Gemäss Angaben der Polizei haben die Unbekannten am Wochenende in der Nähe von Lautenthal Zweige von Eibe, Ahorn, Birke, Funkie, Koniferen und Obstbäumen, deren Rinde gelben Pilzbefall aufwies, entsorgt.

Die Kühe haben die Eibe-Zweige gefressen und verendeten. Eine Obduktion habe ergeben, dass das Gift der Eiben dafür verantwortlich war, so die Polizei. Das Rote Harzer Höhenvieh gehört zu den vom Aussterben bedrohten Nutztierrassen. Der Sachschaden beträgt rund 7000 Euro (7700 Franken).

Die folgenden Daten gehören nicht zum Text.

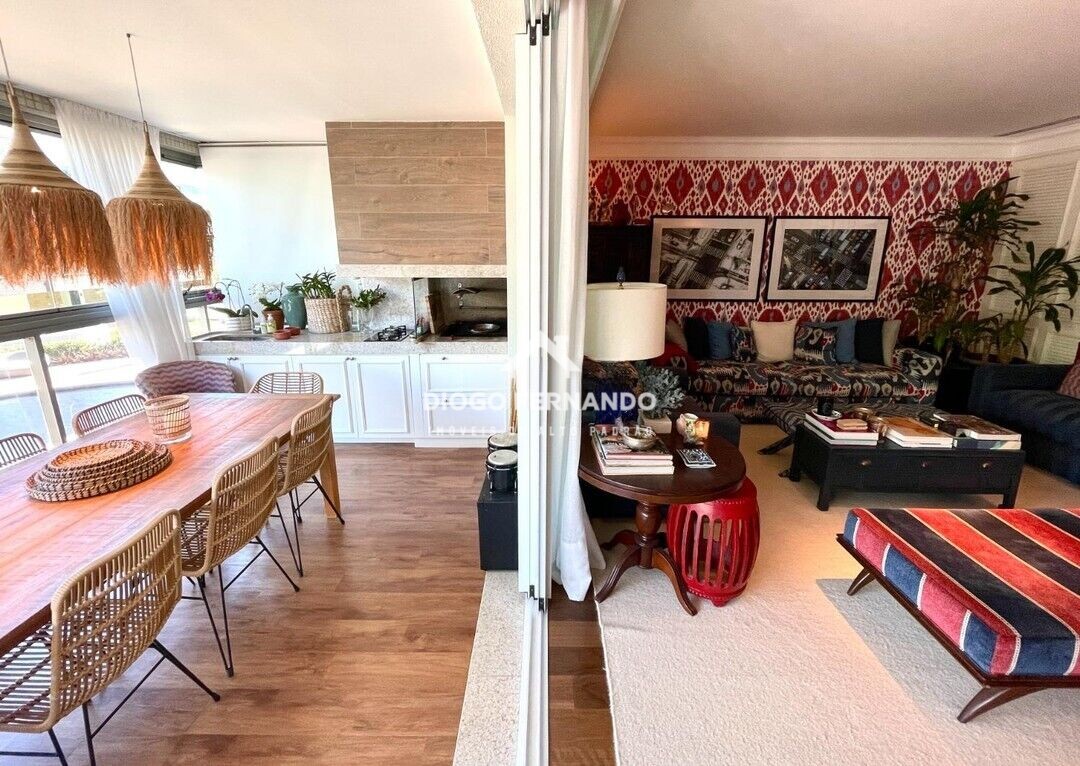 Apartamento à venda com 3 quartos, 253m² - Foto 13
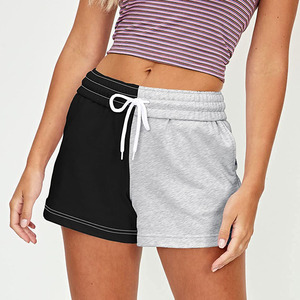 Shorts de Forro Polar Cálidos y Económicos para Mujer, Venta al Por Mayor Directa de Fábrica 2026 / Shorts de Forro Polar a la Moda para Mujer, Venta al Por Mayor Directa de Fábrica - Product Image 4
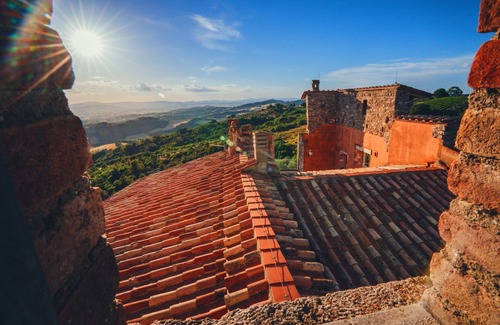 Loreto Villa | IL CASTELLO DEL PILOTA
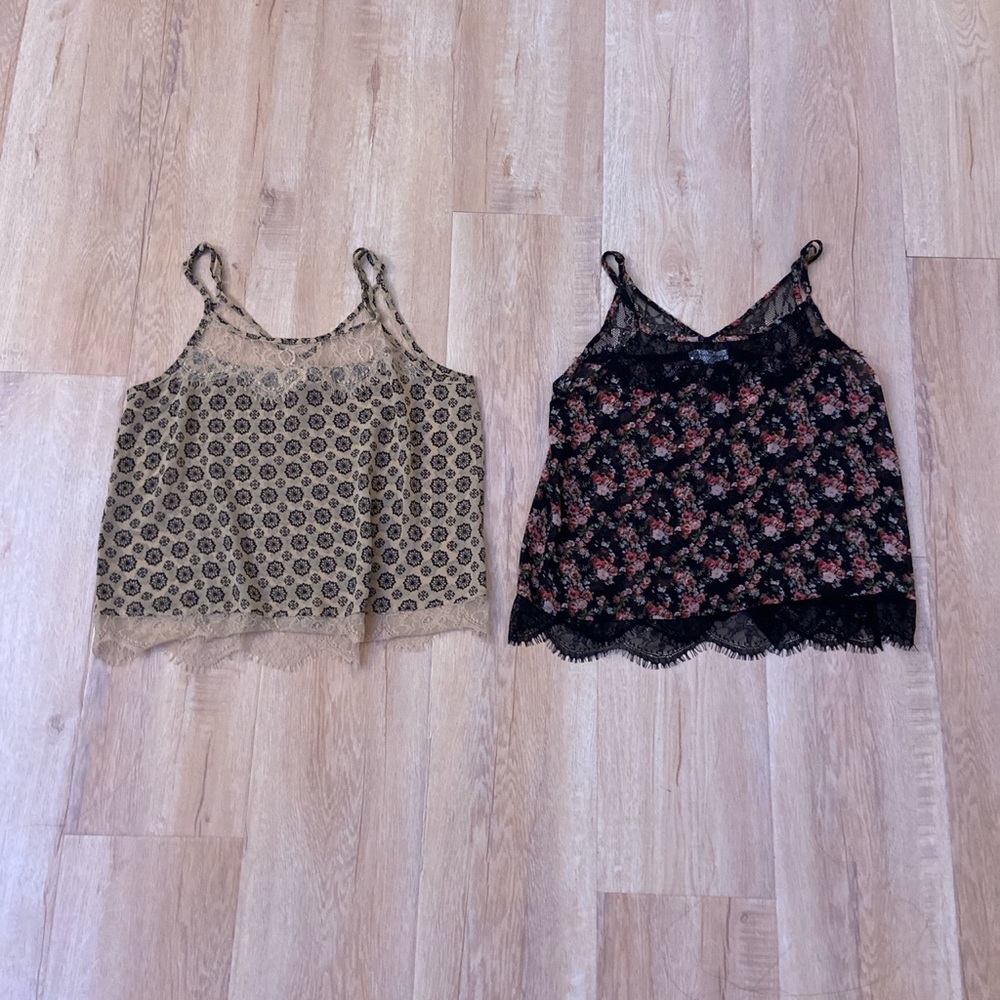 Flowy tops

Die Eibe zählt zu den immergrünen Nadelbäumen. Sie kann bis zu 15 Metern hoch werden. Die Nadeln machen die Eibe aber giftig. In ihnen ist das gefährliche Gift Taxin enthalten. Schon der Verzehr weniger Nadeln oder Samen kann ausreichen, um schwere Vergiftungserscheinungen hervorzurufen. Frisst ein Rind rund 500 Gramm Nadeln, hat es die tödliche Menge eingenommen. 

Sobald die Dosis eingenommen wurde, dauert es zwischen 30 bis 60 Minuten bei Pferden und bei Kühen bis zu zwei Tagen, bis die tödliche Wirkung einsetzt. „Kühe sind ja Wiederkäuer, und erst wenn die Nadeln vollständig zerkaut wurden, wirkt das Gift“, sagte Walter Biesenbach, Veterinär-Pathologe, zur Süddeutschen Zeitung.